After nine innings or more, it’s time to refuel and prepare for the next game. He ramps up the protein to two servings, vegetables (“Surprisingly, a lot of these guys love their vegetables”), starch, white rice and a grain salad. “Something to fill them up after all the fuel they just burned,” he says. Once in a while, the players get a special treat of mac and cheese.

Gemma tries to keep the menu fresh and creative by highlighting multicultural foods on theme nights. “The ownership and the trainers let me do pretty much whatever what I want as long as it stays healthy and within the guidelines of good food for them,” he says.

When they’re traveling on the road, Gemma packs them food that’s easy to eat, but still healthy and loaded with essential nutrients. He and the organization want to make sure that the bus doesn’t have to stop and pick up fast food.
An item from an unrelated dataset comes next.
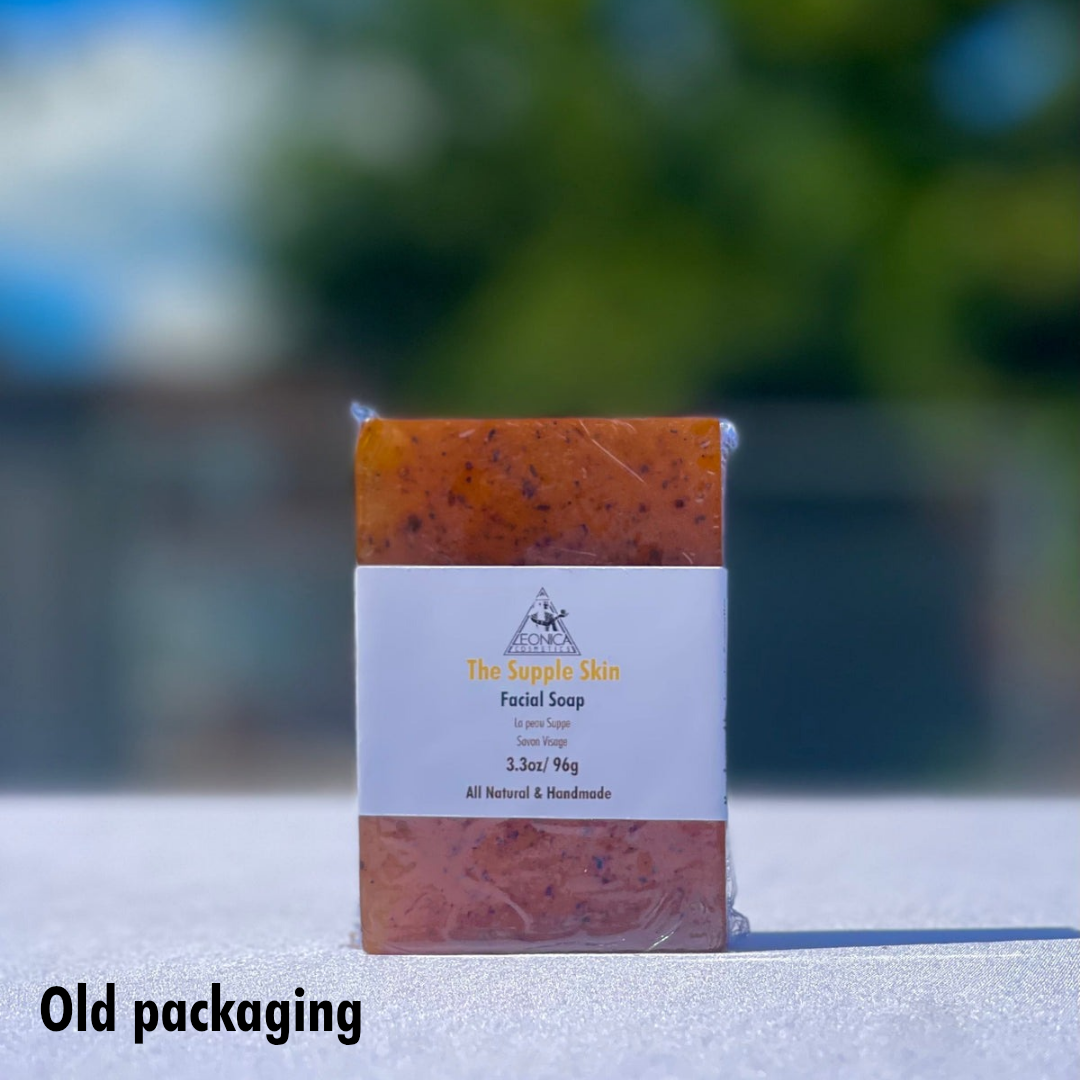 The Supple Skin Facial Soap Leonica Cosmetics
Gemma considers himself lucky to work for a program like the PawSox. “They treat me well which is nice…makes my job a little easier,” he says. Gemma mentions that his favorite part of working for the PawSox is that he has created good relationships with the players throughout the years and still keeps in contact with some that have moved up to the big leagues.
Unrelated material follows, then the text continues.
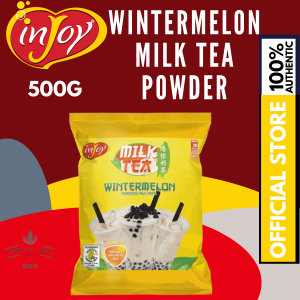 inJoy Wintermelon Milk Tea 500g – The Ultimate Milk Tea Experience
You hear of players in the Major Leagues making a couple million dollars a year, but Minor League salaries are much smaller. At home, many of these men don’t get the proper nutrition they need, so Gemma makes sure they do at the park. Gemma also gives players nutrition advice and loans ingredients and utensils to them so they can eat well on their own.

Gemma is constantly working whether the team is at the stadium or not. On game days, he not only feeds the players, but coaching staffs, front office employees, the media and the thirteen field-level suites. During the game, he assists wherever help is needed — at the barbecues or the terrace concessions. On off-days, Gemma is still at the park feeding staff, submitting orders or setting the menu for the week. The new ownership has been pushing for the kitchen to do catering events, which Gemma also handles.

He leads a small kitchen that feeds up to 600 people a day, but, to him, it’s a good feeling. “We’re a great ballpark; we have a great team… We’re here to make the fan experience that much better,” he says. “We’re all here to provide our guests with the best service.”

Seventy-degree days are in the forecast, which is a nice relief from the bitter cold for players, employees and fans. “Sooner or later, the weather will be there and we’ll have a full crowd,” he says. “There will be great summer nights.”